If you asked me “What is the best way to bring a group of relatives strangers together and have them work as a team, share experiences, learn and have fun?”, my answer would be obvious, ” Organize a Foodskills Workshop!”
There are many toolkits out there that describe in detail the basics on what you’ll need to run a workshop like this. Check out these guides if you’re interested in material lists, timing tips and more: This one’s from the EAC and this one was our produced by our friends at Food First NFLD. Today though I wanted to share a few more tips on how to organize and facilitate an effective food workshop.
Tips from the Trade:
Start with a go-around. Begin every workshop with a round introductions and icebreaker question. Even if you suspect everyone in the room already knows each other, having everyone share a little about themselves sets the tone and will make your workshops feel more personal. One lesson I’ve learned and that has stuck with me, is the sooner someone speaks in a workshop, the more likely they are to participate, and speak up, throughout the workshop.
seek out local experts, and ask them to lead a workshop. I find people are happy to share their food skills, (especially when they don’t have to worry about the logistics of organizing the workshop!). This will not only bring a variety of different styles to your workshops but also helps to build leadership skills in your community.
Time to eat. Leave time at the end to enjoy the fruits of your labour. This is often my favourite part of the workshop; sitting around a table together and tasting a bit of the pasta, soup, salsa or whatever it might be. It’s social and delicious. This is also a good moment to review the method; especially since many workshops involve small groups working on different parts of the process, this can be good time for a share back of what was done.

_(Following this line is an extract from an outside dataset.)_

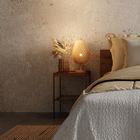 Luminária de Mesa Fibra de Bambú Padar Marrom GMH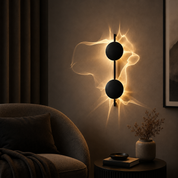 Lampa Ścienna Wave – Rzeźbiarska Forma i Falista Projekcja Światła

Take homes. Often there’s enough food at the end for participants to take some home. Make sure you come prepared to with reusable containers or tell participants to bring their own from home.
Evaluation! Often forgotten, yet so important. A good evaluation can help you refine your technique and get ideas for future workshop topics. Not to mention is often a requirement by funders. This can be as simple as a short survey at the end of the workshop. For more ideas on Evaluation, check out this toolkit.
Hopefully these tips have given you some insight and may inspire you to try and host a food workshop in your own community.